One of the most difficult parts of dealing with the aftermath of a natural disaster is finding and providing durable shelter for large numbers of people who have lost their homes. A Melbourne entrepreneur has come up with a possible solution.
Alastair Pryor, who studied business at Swinburne University, came up with the idea for a compact aid shelter while working part time as a scaffolder.
“I felt sorry for a homeless man who had to endure the cold winter months of Melbourne with basically no protection. I initially thought of creating a collapsible shelter for the homeless that they could take from place to place with ease, made of properties that were extremely durable and lightweight,” Pryor said.
The shelters, which cost US$180 each, weigh 15 kilograms and can be folded to carry. They can also be extended to house multiple people.
While Australia has often been criticised for the lack of support and funding given to social enterprises, Pryor secured a seed investment of $150,000 within two months of coming up with the idea from the shelters, finding investors through LinkedIn.
“I grew a lot of networks on LinkedIn, especially when I was younger when a lot of people weren’t on it, or not recognising how resourceful it was. I did all my lead generation through there,” he said.
He then approached a variety of Melbourne architects and interior designers to develop the concept, eventually partnering with Charlwood Design.
“We used a UV-stabilised polypropylene, a durable, weather resistant, and thermally insulated material. We then had to pass rigorous testing standards, which are set by various aid relief organisations and soon found that the pop up dwelling proved to be suitable in even the most extreme weather conditions,” Pryor said.
“We also designed the shelter to include various manually-operated air vents so that as cool air enters through the shelter’s base, warm air is expelled, further adapting the shelter for all types of climates.”
It was also through his LinkedIn networks that Pryor then connected with Oxfam, applying for a grant scheme that was looking to develop a latrine shelter.

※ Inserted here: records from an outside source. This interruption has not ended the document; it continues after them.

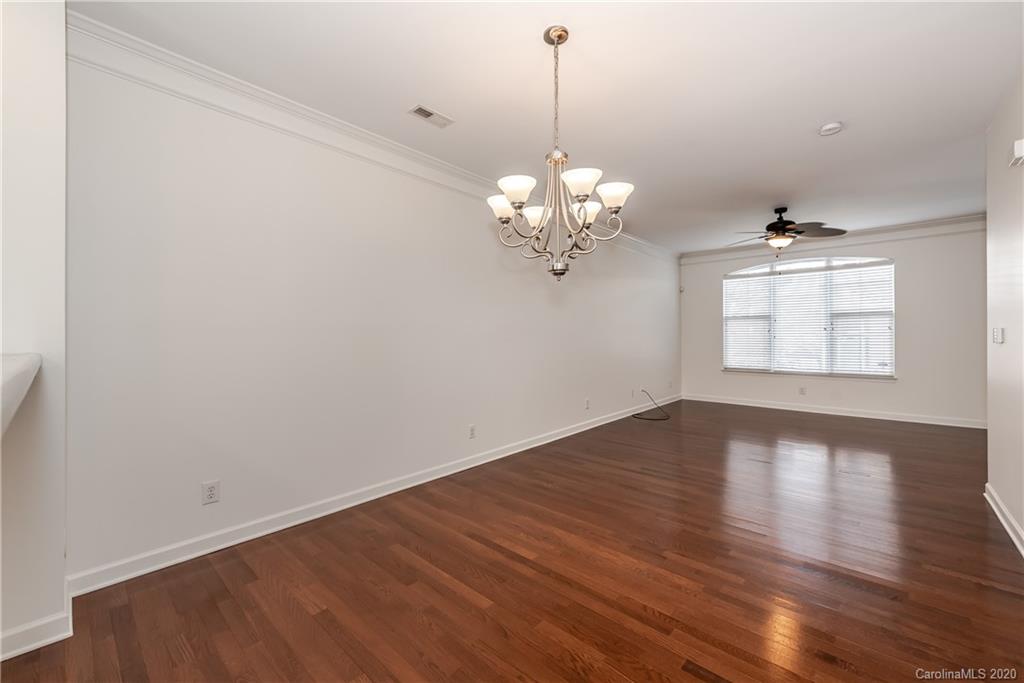 8337 Scotney Bluff Avenue Charlotte, NC 28273 - Photo 11 of 31 a view of a room with wooden floor chandelier and entryway
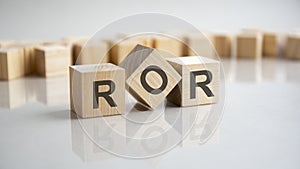 ROR - Rate Of Return acronym concept on cubes, gray background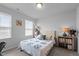 Bedroom featuring a plush bed, side tables with lamps, and windows providing soft natural light at 6352 Perry Creek Rd, Raleigh, NC 27616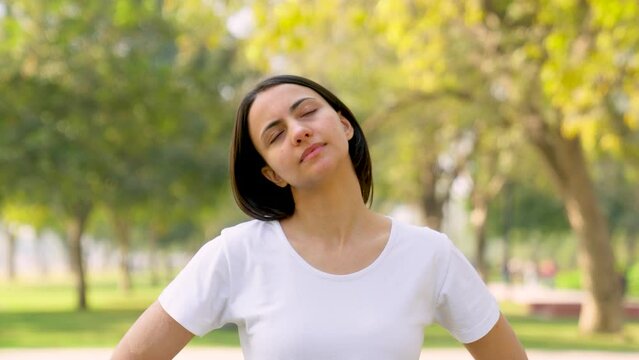 Indian woman doing neck exercise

He now helps the organisation source shelters.
So given that there are many stages of rebuilding after a disaster, where does the compact shelter fit in? Pryor explained that in a situation where a natural disaster has occurred, such as the Nepal earthquake, the compact shelters would be sent at the two to three-month mark, when temporary housing structures can be set up.
“In terms of layout of aid relief and providing shelter, the development of shelter goes from a tent to a marquee. There’s a market we found that’s between a marquee and transitional shelter that is basically a dwelling which has hard walls, which is our shelter,” he said.
Though Pryor originally came up with the idea for the shelters as a response, or solution to, homelessness, aid relief seems like a better fit for the product. At US$180 each, it would be hard to provide large numbers of homeless people with such shelters, while the question of where they could be set up is also key.
Pryor has taken the idea of the compact and lightweight to a new product. He has started a subsidiary company, The Social Vessel, which has created a collapsible ‘vessel’ that can hold up to 5 or 6 litres of liquid. As well as targeting the camping and outdoor market, the product will be aimed at music festival-goers.
“We’re also looking at social enterprise – we’ve teamed up with a Melbourne charity called Anonymous X, where with every purchase we’ll be supplying a vessel to them to give to the homeless,” Pryor said.
Pryor was recently named the winner of the Innovation award in the Victorian Young Achiever Awards. He hopes to leverage the recognition received from the award into funding for The Social Vessel.